Beim Zigarettenhersteller Philip Morris und dem Automobilunternehmen Daimler-Chrysler dürften die Sektkorken geknallt haben. Das höchste US-Gericht hat Urteile über Strafgelder für beide Konzerne aufgehoben, weil die Beträge „unmäßig hoch“ seien.

HB WASHINGTON. Wie US-Medien am Dienstag berichteten, kam das Gericht zu dem Schluss, dass die Strafen, die in Prozessen gegen die beiden Firmen zusätzlich zu Entschädigungszahlungen verhängt wurden, den verfassungsmäßigen Grundsatz der Verhältnismäßigkeit verletzten.

In beiden Fällen wird den Berichten zufolge nun auf unterer Gerichtsebene neu über die Höhe der Strafgelder beraten. Sie sind nach amerikanischem Recht hauptsächlich dazu gedacht, die Verurteilten von einer Wiederholung der ihnen angelasteten Straftat abzuschrecken.

Im Fall von Philip Morris ging es um einen Hausmeister aus dem US- Staat Oregon, der 40 Jahre lang geraucht hatte und 1997 an Lungenkrebs gestorben war. Die Angehörigen hatten das Unternehmen verklagt und Geschworene ihnen dann neben einer Entschädigung von 800 000 Dollar Strafgelder in Höhe von 79,5 Mill. Dollar zugesprochen. Ein Richter senkte die Summe zwar, aber ein Berufungsgericht hob sie dann wieder auf die ursprüngliche Höhe an.

Daimler-Chrysler war den Medienberichten zufolge wegen des Todes eines Autofahrers zu Schadensersatz von 235 629 Dollar und drei Mill. Dollar an Strafgeldern verurteilt worden. Wie es weiter hieß, hatten die Kläger in dem Prozess geltend gemacht, dass das Opfer bei einer Autokollision auf Grund einer fehlerhaften Türverriegelung aus seinem Fahrzeug geschleudert worden sei.

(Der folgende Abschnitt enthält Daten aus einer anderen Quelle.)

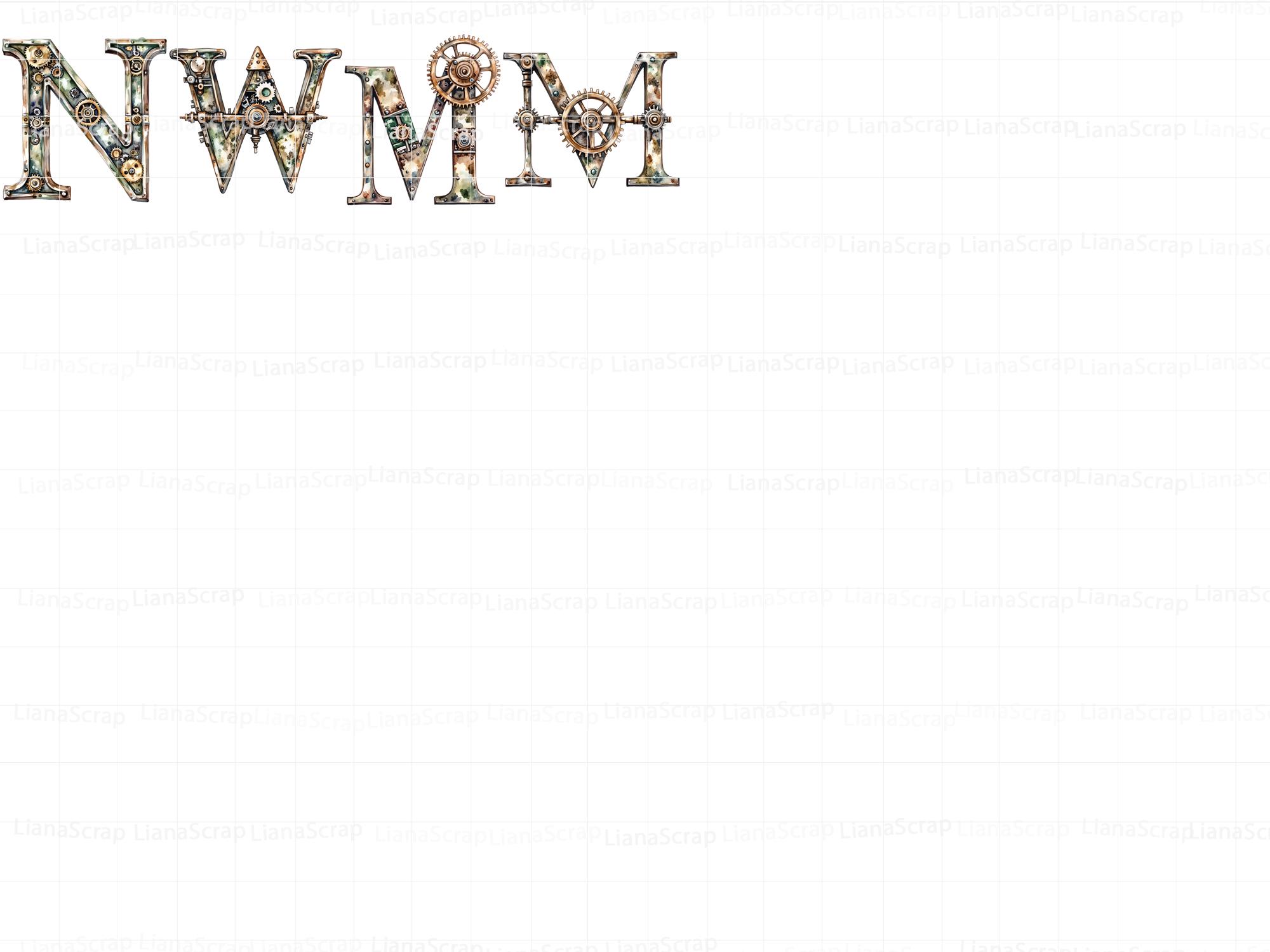 Steampunk Alphabet Clipart Set – Clockwork Gears, Numbers, Letters (PNG ...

Sowohl Philip Morris als auch Daimler-Chrysler hatten Berufung eingelegt. Das höchste US-Gericht seinerseits hatte im April entschieden, dass es Grenzen für die Höhe von Strafgeldern geben müsse. Als „Faustregel“ deutete es an, dass alle Beträge, die mehr als neun Mal so hoch wie die zugleich verhängten Schadenersatzsummen seien, den Grundsatz der Verhältnismäßigkeit verletzten.